伊豆大島の葬儀のしきたり② ― 通夜の受付は男が務める ―
- ふゆき葬祭
- 10月2日
- 読了時間: 3分
伊豆大島には、古くから伝わる独特の葬儀の習慣が今も数多く残っています。
その中でも、島外の方が驚かれるのが「通夜の受付に立つのは男性でなければならない」というしきたりです。
都会の葬儀では男女を問わず受付を担当することが多いので、「なぜ男だけ?」と感じる方もいるかもしれません。
今回は、この背景と意味合いを少し掘り下げてご紹介します。

通夜の受付とは
通夜の受付は、参列者を迎え、香典を受け取り、記帳をお願いする場です。言わば、葬儀の最初に訪れる「顔」となる役割を持っています。
遺族を代表して弔問客を迎えるため、非常に大切な立ち位置です。
伊豆大島では、昔からこの受付には必ず男性が立つことが決まりごとのように守られてきました。
男性でなければならない理由
明確な文書記録が残っているわけではありませんが、いくつかの理由が考えられます。
家の代表としての役割
昔は「家」を代表するのは男性であると考えられていました。葬儀に来るのは親戚や近隣の人々、さらには仕事関係の人々など。受付は家そのものの「窓口」であり、その重責を男が担うのが当然だと見なされていたのです。
金銭のやり取りの重み
香典を受け取る場でもある受付は、お金を扱う場所です。かつては「金銭にまつわる責任は男が負う」という価値観が強く、それがしきたりとして残ったとされています。
儀式的な“けじめ”
島では葬儀そのものが「家のけじめ」として扱われていました。通夜の受付を男性が務めることは、家がきちんと責任を果たしている証とされ、弔問客にも安心感を与える意味があったといわれています。
現代から見ると
現代では女性が社会で大きな役割を果たしているのは当然であり、都会では女性が受付に立つことも一般的です。そのため、島外から来た方は「なぜ?」と違和感を持つこともあるかもしれません。
しかし、大島の人々にとっては、単なる性別の問題ではなく「家の代表は誰か」という古い価値観の名残りなのです。
今も多くの家庭でこのしきたりは自然と守られており、受付に男性が立つと「やっぱりこれが大島の通夜だな」と安心感を覚える方も少なくありません。

変わりつつある風景
とはいえ、時代の流れとともに変化もあります。身近に男性がいない家庭や、どうしても都合がつかない場合には女性が受付を務めることも増えてきました。
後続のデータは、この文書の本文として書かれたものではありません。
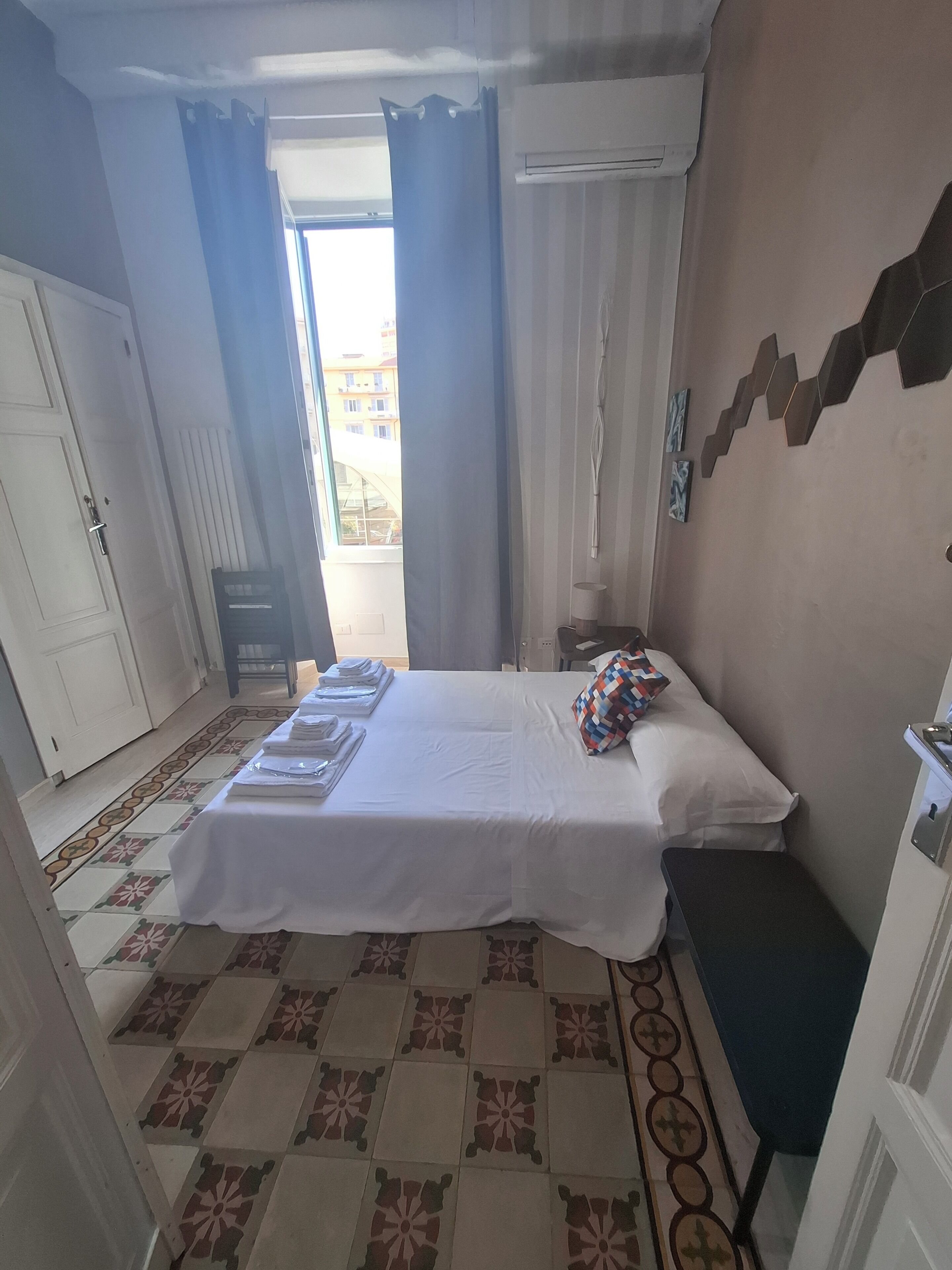 Blackout drapes, soundproofing, iron/ironing board, free WiFi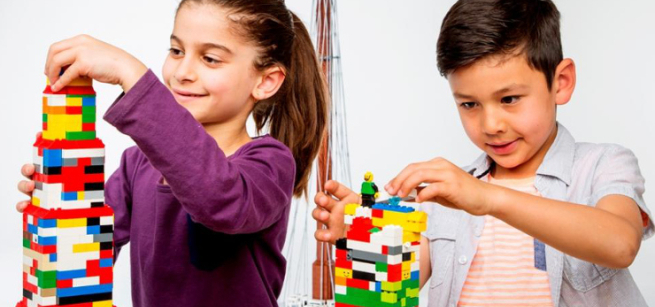 Two kids building with legos
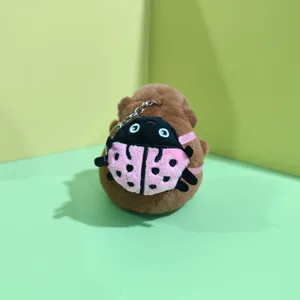 Close-up of cute capybara plush toy with ladybug backpack and metal keychain detail.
島の人々も柔軟に受け止めるようになりつつありますが、それでも「本来なら男が立つもの」という意識は強く残っています。
つまり、このしきたりは「絶対に破ってはいけないルール」ではなく、「守ることで島の人々が安心する伝統」として受け継がれているのです。
まとめ
伊豆大島のしきたり「通夜の受付は男性が務める」という習慣は、古い時代の価値観から生まれたものです。家の代表、金銭を扱う責任、そしてけじめ。そうした理由が重なり合い、今もなお島の通夜の場に息づいていると考えられます。
ふゆき葬祭では、このような島独特の習慣を大切にしながらも、現代のご事情に合わせた柔軟なご案内を心がけています。しきたりを尊重しつつ、ご遺族の想いを第一に――それが私たちの役割です。